The Good and Bad of Partner Recruitment: Part One

Most channel programs are inundated with Partners with various skills, funnel sizes and lead quality (or lack of leads). The challenge for most Channel Managers lies in the fact that recruiting Partners is easy--but actually identifying good Partners who can resell is a much more involved process.

In the article below, I'm going to discuss why most Channel Managers end up facing these challenges, and what they can do to rescue a poor partner program in it's early stages.

Why is Partner recruitment "easy"?
For most vendors, partner recruitment can be as simple as purchasing a list, making a phone call, and then signing up potential resellers.

The resources you devote at the partner recruitment stage are fairly minimal and don't involve too much ground work to get going. You share already existing sales assets, a product catalogue, and a compensation plan. This makes the early recruitment stage great in case you happen to--
  • Have an easy product to sell
  • Find "diamond in the rough" partners who are able to resell easily
  • Already have sales assets in place you can share with partners
This means "Bad" Partner recruitment is easy. The low level of resources involved to kick start the process lends itself to sloppy management. 

For this reason, most channel/sales managers who specialize in partner recruitment find the first stage--finding and signing up partners--to be relatively seamless.  Without too much effort, you might find that regardless of your company size, you can create a big bucket of partners to support your reselling efforts. You may even get lucky with a few who are able to drive most of your business.

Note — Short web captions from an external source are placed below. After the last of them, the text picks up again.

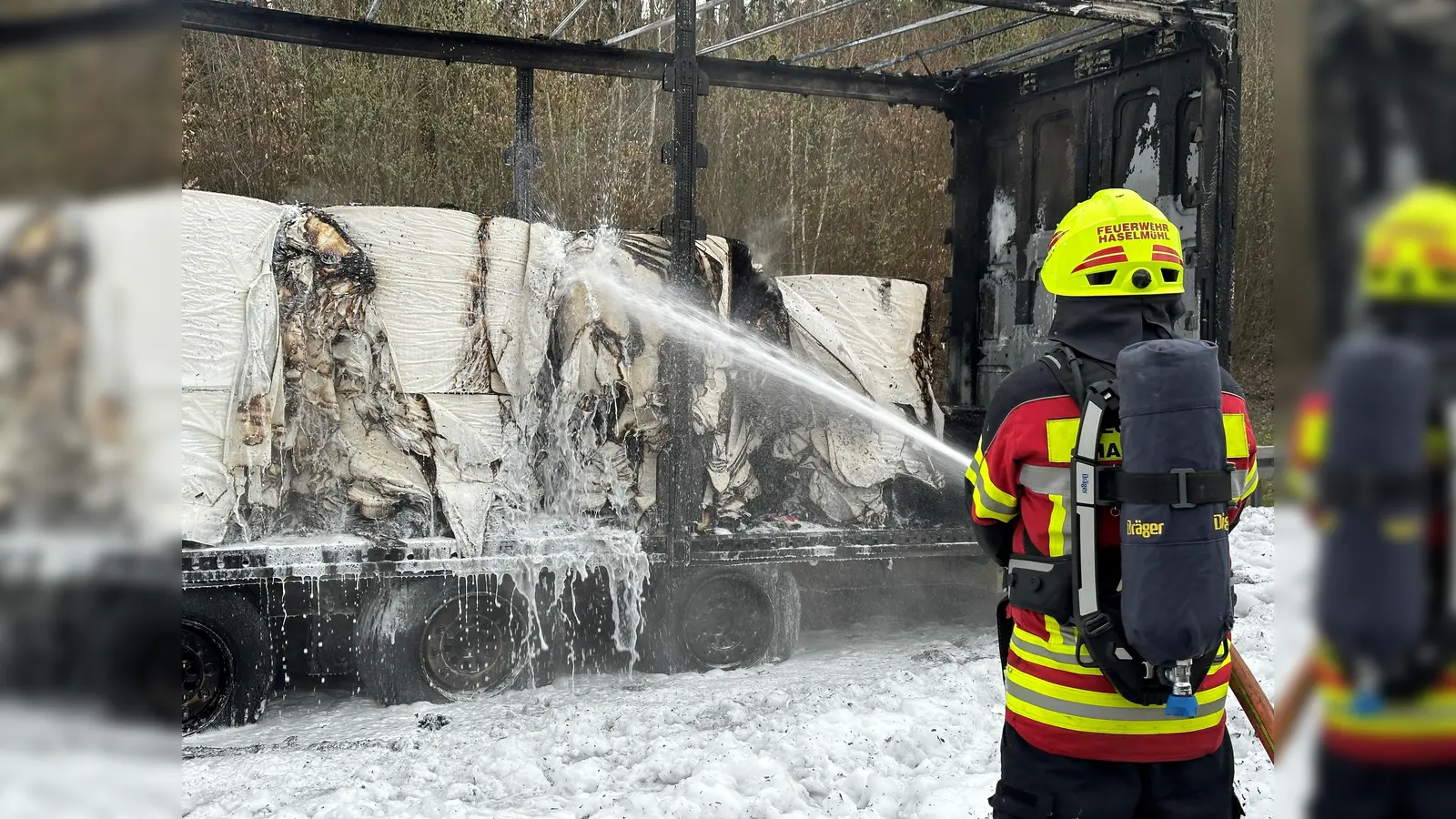 Bei einem Brand auf der A6 wurde niemand verletzt. Ein Anhänger mit Papierrollen brannte völlig aus. (Bild: Florian Schlegel/FFW Haselmühl)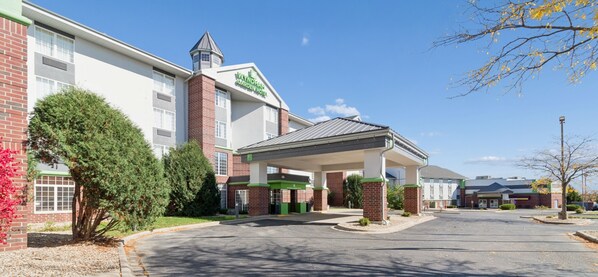 A hotel with a covered entrance, a brick facade, and a clear sky. - Wyndham Garden Madison Fitchburg (Madison)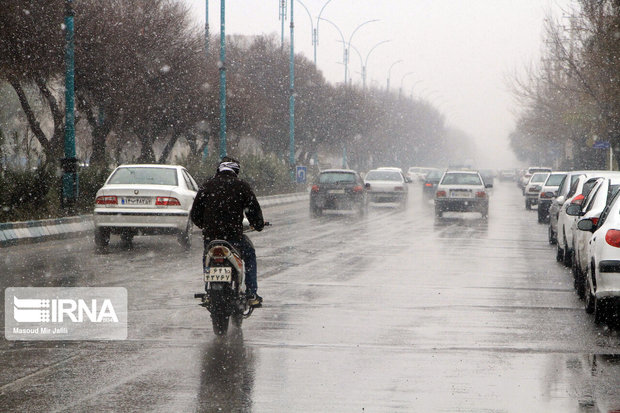 جاده‌های کردستان لغزنده است با احتیاط برانید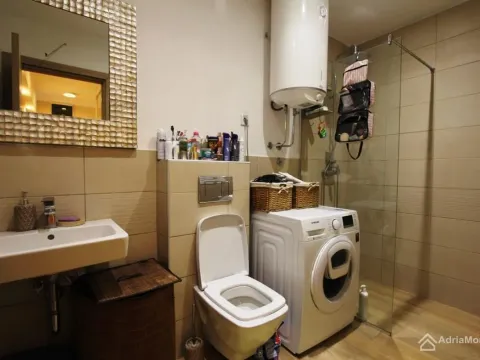 Prodaja, trosoban stan, 88m², Centar, Budva - image 9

Most early recruitment programs focus on bringing in as many Partners as possible relying on the 80/20 rule --- where 20% of partners ultimately become responsible for 80% of actual sales. This is why most partner programs actually struggle with more partners than they can actually support.

Can too many Partners negatively affect your brand?
From small to enterprise level businesses, too many partners can easily become unmanageable. 

Large numbers of partners without proper infrastructure can:
  • Increase support demands
  • Lead to over-exposure
  • Create poor end-user (customer) experiences 
All of this combined can negatively affect your company's brand and reputation. This is why regardless of business size, at some point every channel manager takes a step back to re-examine the health, growth, and engagement of partners in their channel program.

The first thing you should do when you've hit this point of struggle is calmly reassess what issues you can address in the short term and then plot out your long term goals.